Rhyolite lies above the northeartern edge of Death Valley, nestled below the Bullfrog Hills in Southwestern Neavada. The first white man to venture into this area was R. J. Boyer way back in 1847. Not much else is known about Mr. Boyer as the area remained very desolate until about 1904.
That's when two propectors, Shorty Harris and Ed Cross, decided to make their way through the area, as prospecting in Death Valley had turned up very little. Their luck soon changed when they found gold in the hills where Rhyolite would soon be born. The gold was clumped in with some green rock, resembling a bullfrog's back. They decided to name the surrounding mountains, the Bullfrog Hills. Shorty and Ed had found their gold and staked their claim by late 1904. The town of Bullfrog soon followed...along with other prospectors looking to stake their claims. Among them were Frank Busch and P. R. Stanley. These two men were not happy with the town of Bullfrog, so they went up the valley about a mile, and founded their own town. They decided to call it Rhyolite.
People that lived and worked in the nearby town of Bullfrog were offered a free plot of land to move their business to Rhyolite.
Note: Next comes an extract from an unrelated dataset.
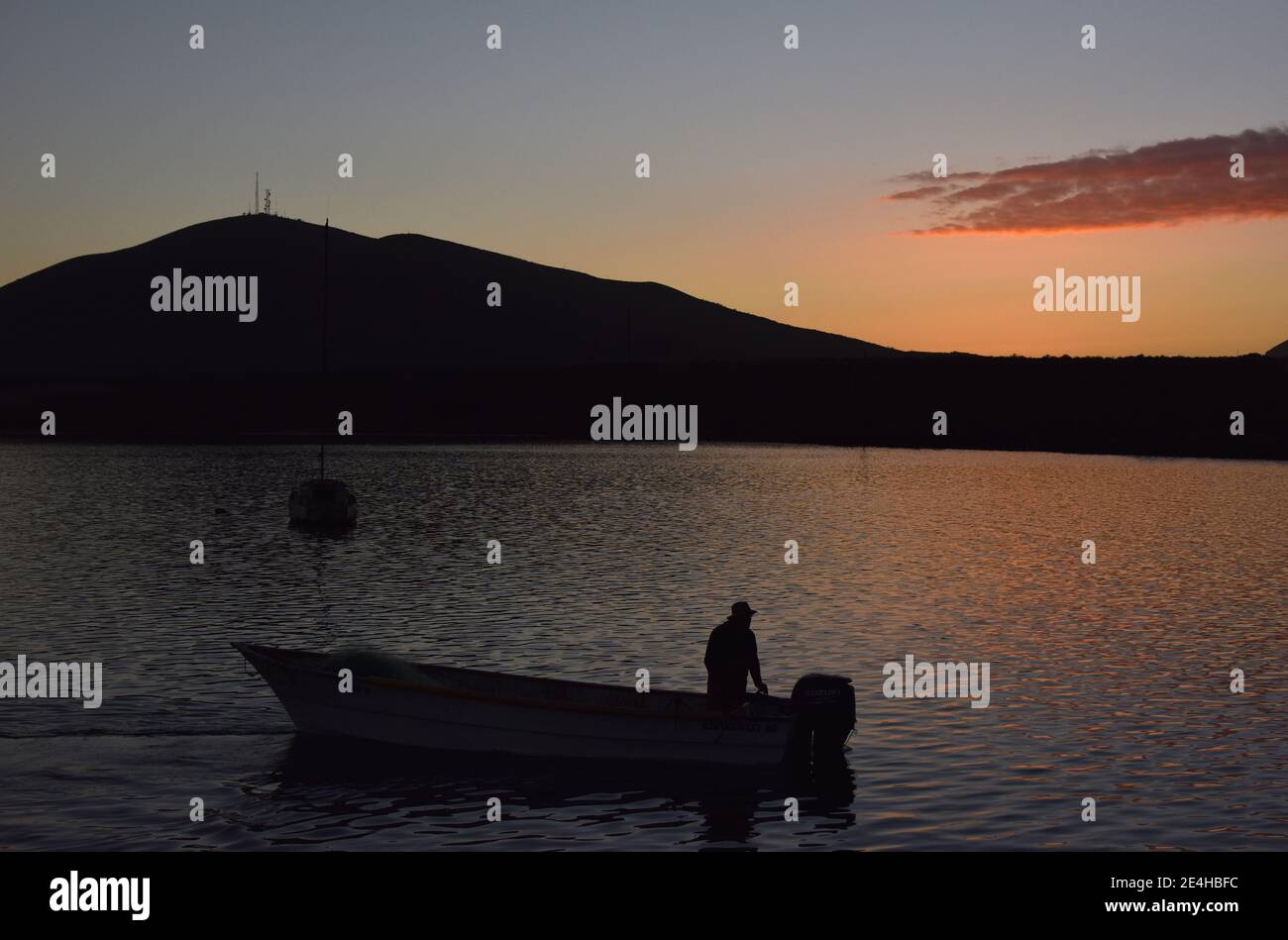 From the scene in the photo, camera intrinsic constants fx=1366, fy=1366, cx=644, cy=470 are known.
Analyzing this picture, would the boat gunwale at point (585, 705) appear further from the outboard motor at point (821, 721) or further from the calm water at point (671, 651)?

It was only a mile up the road from Bullfrog. Well, their plan worked. People starting moving into Rhyolite and bringing their businesses with them. They arrived in droves. The town was soon busting at the seams. Enthusiastic townsfolk and eager prospectors came from far and wide to stake their claims in hopes of finding their golden treasure. It wasn't long before gold mine stakes were stretching in all directions for nine miles!
It was the Montgomery-Shoshone Mine that started all the gold rush of dreamers into Rhyolite. In 1906, Soon thereafter, Charles Schwab came along and bought the mine. He invested fortunes into the mine and the City of Rhyolite. He added infrastructure to the city on a grand scale. Soon the town had plumbing, running water, electric lines and railroads. They now had a steady supply line which helped the city grow quickly. The city quickly grew to more than 10,000 people residing in and around the area.
In late 1908, a private study of valuation was done on the Montgomery-Shoshone Mine by its investors. Turns out the mine was overvalued. The stocks for the mine plummeted. People sold off their investments in droves after the overvaluation was published. By the end of 1910, the mine was operating at a loss. Soon thereafter, in 1911, it closed up completely. Following the closure, the town's population began to dwindle...actually crash. In less that a year following the closing of the Montogomery-Shoshone mine, Rhyolite's population numbered less than 1000 residents. The gold rush was over for the Bullfrog Hills.